*** STUDY MATERIAL ***

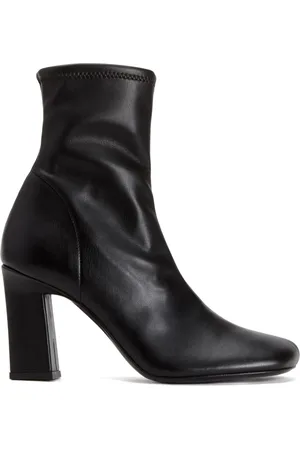 Fabiana Filippi Faux-leather boots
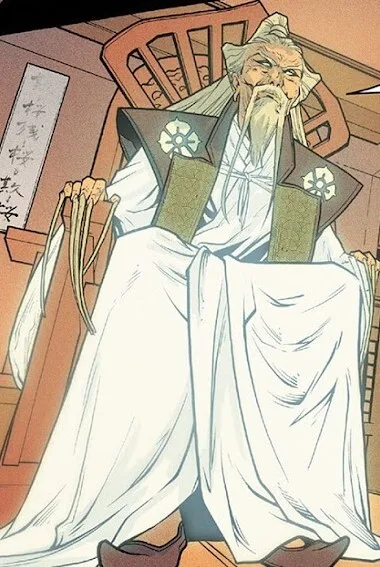 Lord Daido
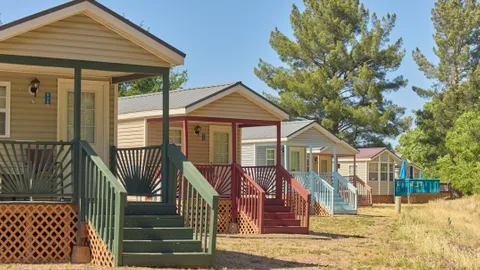 Pet Friendly Riverview Studio Cottage — image 1 of 4
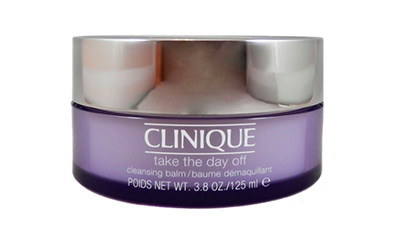 Free Clinique Take The Day Off Balm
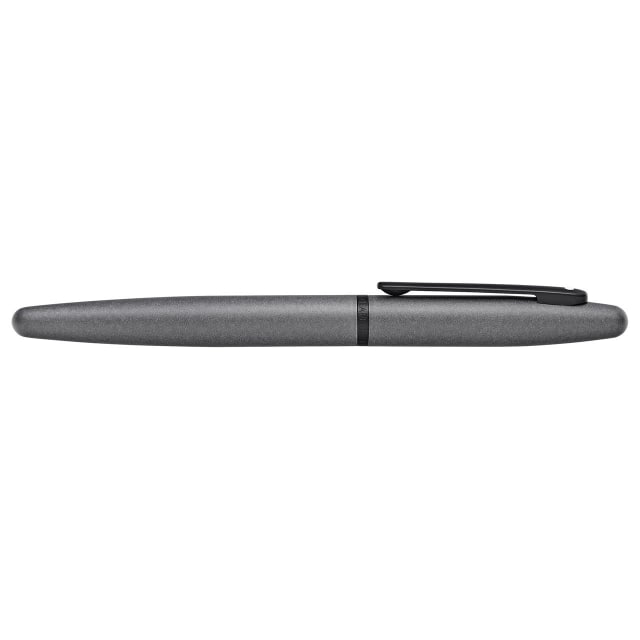 SHEAFFER VFM Excessive Red/Chrome Rollerball Pen Hang Sell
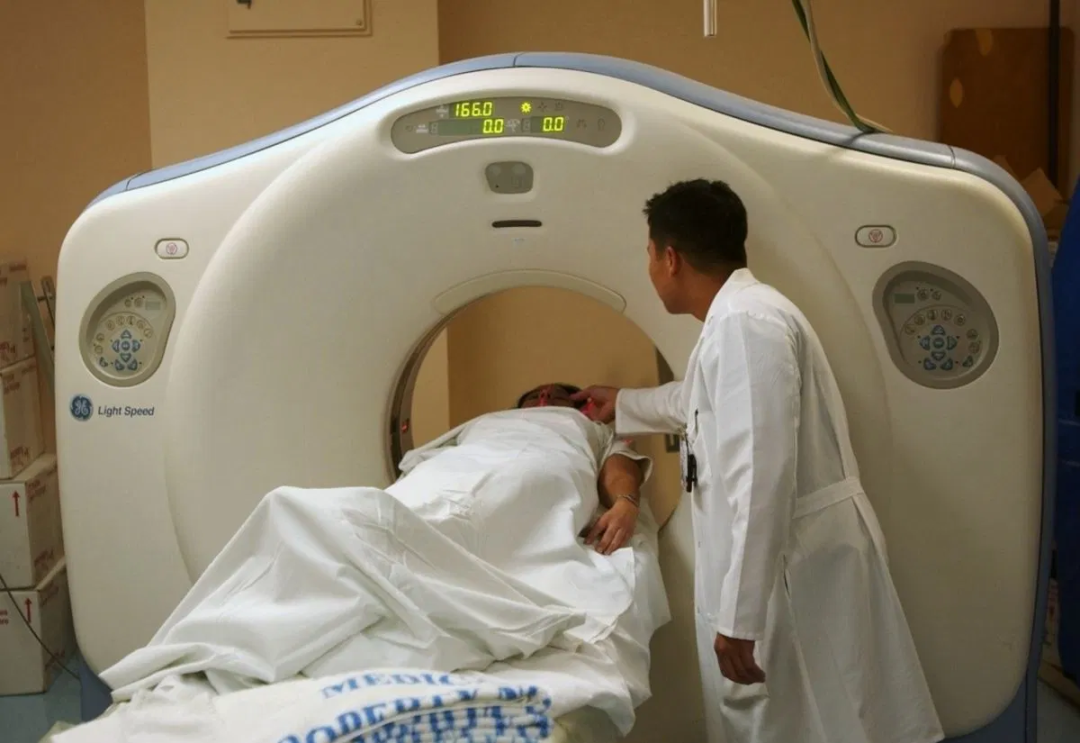 核磁检查不再排队，Facebook的AI将MRI成像快了4倍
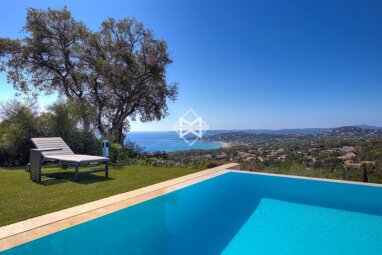 Villa zum Kauf provisionsfrei 4.200.000 € 6 Zimmer 216 m² 1.237 m² Grundstück Ville-Les Saquedes-Le Bouillonnet Sainte-Maxime 83120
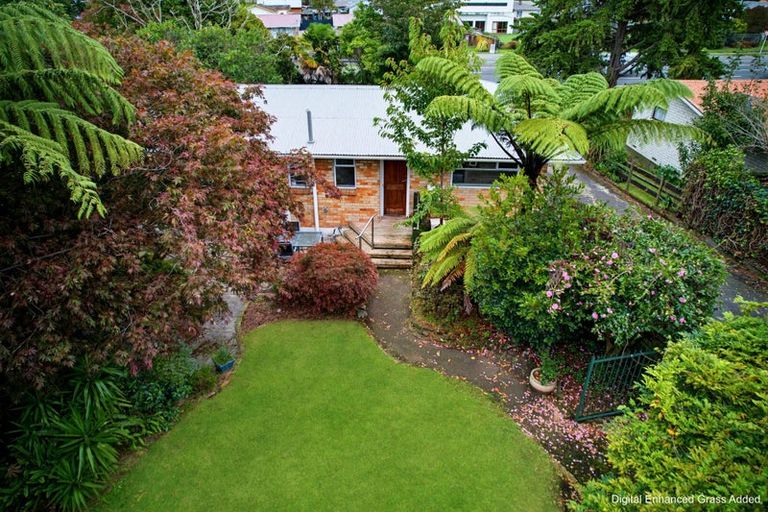 Photo of property in 81 Fairy Springs Road, Fairy Springs, Rotorua, 3015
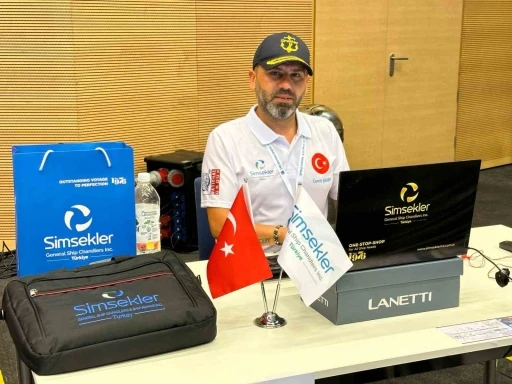 F klavye yarışmasında Türkiye’nin en hızlı parmaklarından biri İzmir’den
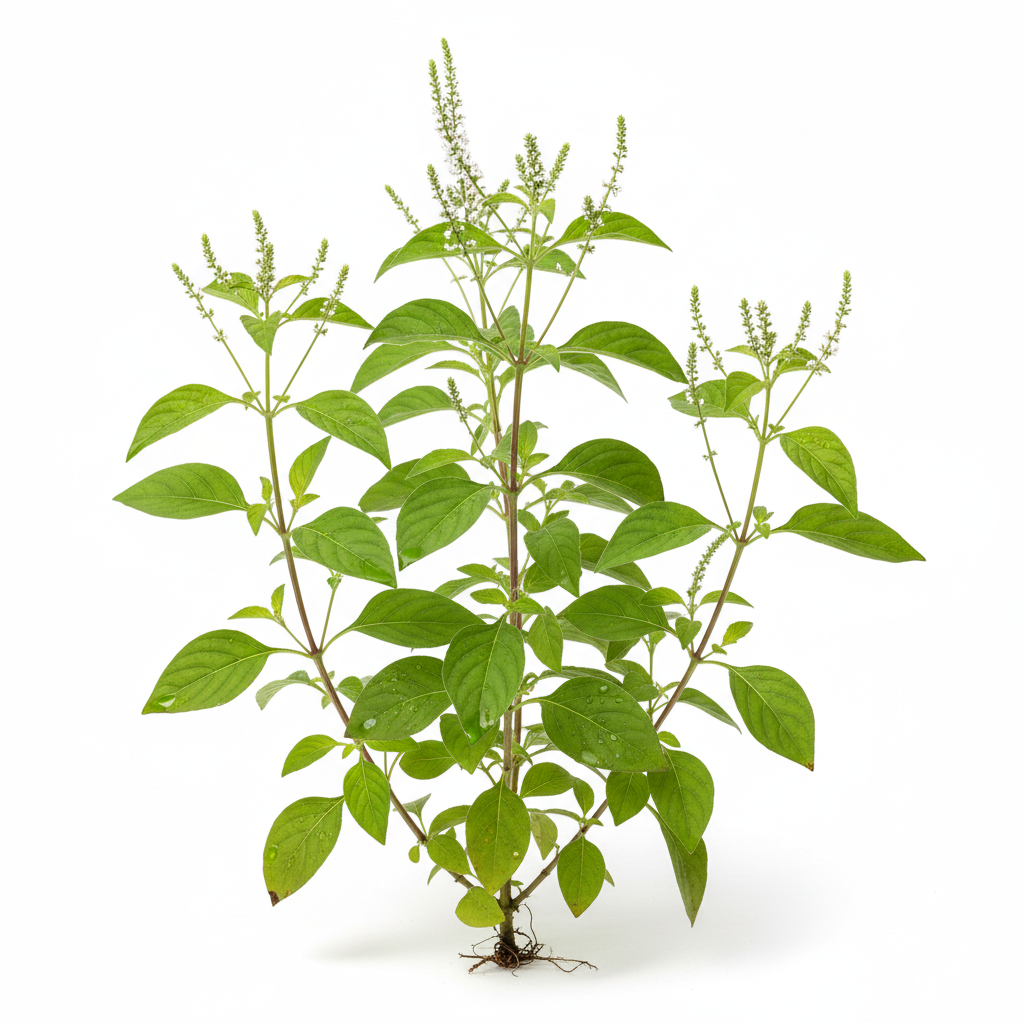 Jamaican Guinea Hen Weed (Petiveria alliacea) Tincture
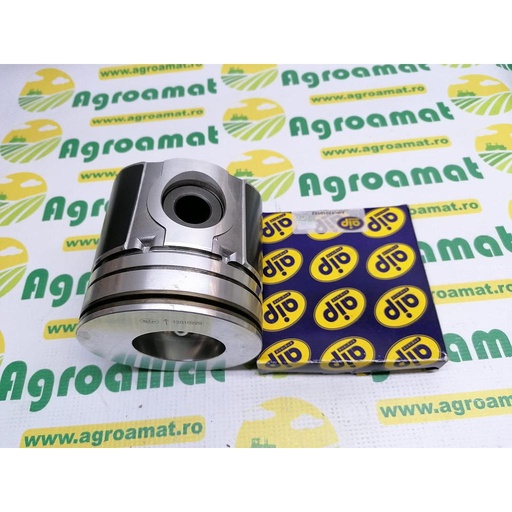 [AMAT1-27737] Piston cu Segmenti (copie)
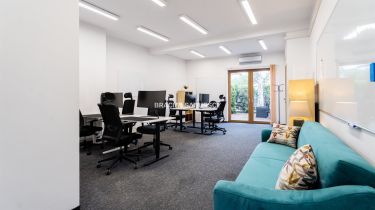 Lokal biurowy 180 m² na wynajem | Białoprądnicka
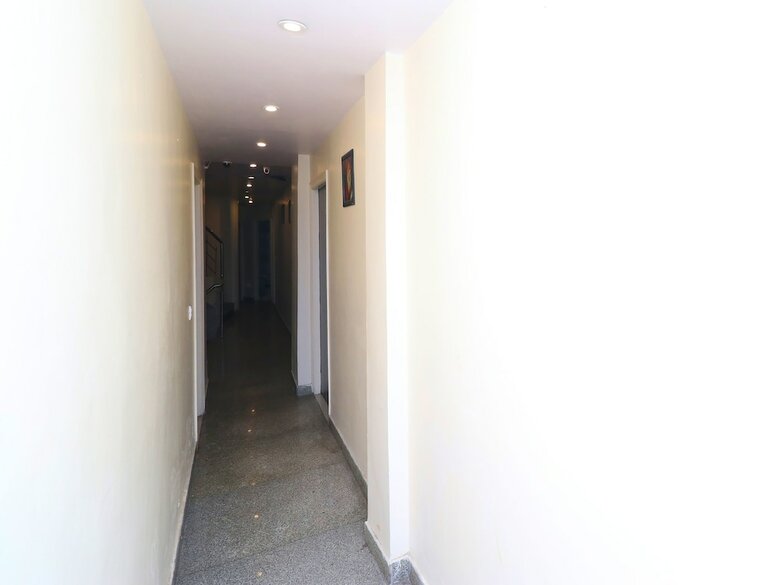 Hotel Oyo 7344 My H Rooms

*** End of STUDY MATERIAL ***

* _REQUIRED WORK_
Your task is to reproduce every record exactly while omitting the pictures.

* _RESULT BELOW_
 Fabiana Filippi Faux-leather boots
 Lord Daido
 Pet Friendly Riverview Studio Cottage — image 1 of 4
 Free Clinique Take The Day Off Balm
 SHEAFFER VFM Excessive Red/Chrome Rollerball Pen Hang Sell
 核磁检查不再排队，Facebook的AI将MRI成像快了4倍
 Villa zum Kauf provisionsfrei 4.200.000 € 6 Zimmer 216 m² 1.237 m² Grundstück Ville-Les Saquedes-Le Bouillonnet Sainte-Maxime 83120
 Photo of property in 81 Fairy Springs Road, Fairy Springs, Rotorua, 3015
 F klavye yarışmasında Türkiye’nin en hızlı parmaklarından biri İzmir’den
 Jamaican Guinea Hen Weed (Petiveria alliacea) Tincture
 [AMAT1-27737] Piston cu Segmenti (copie)
 Lokal biurowy 180 m² na wynajem | Białoprądnicka
 Hotel Oyo 7344 My H Rooms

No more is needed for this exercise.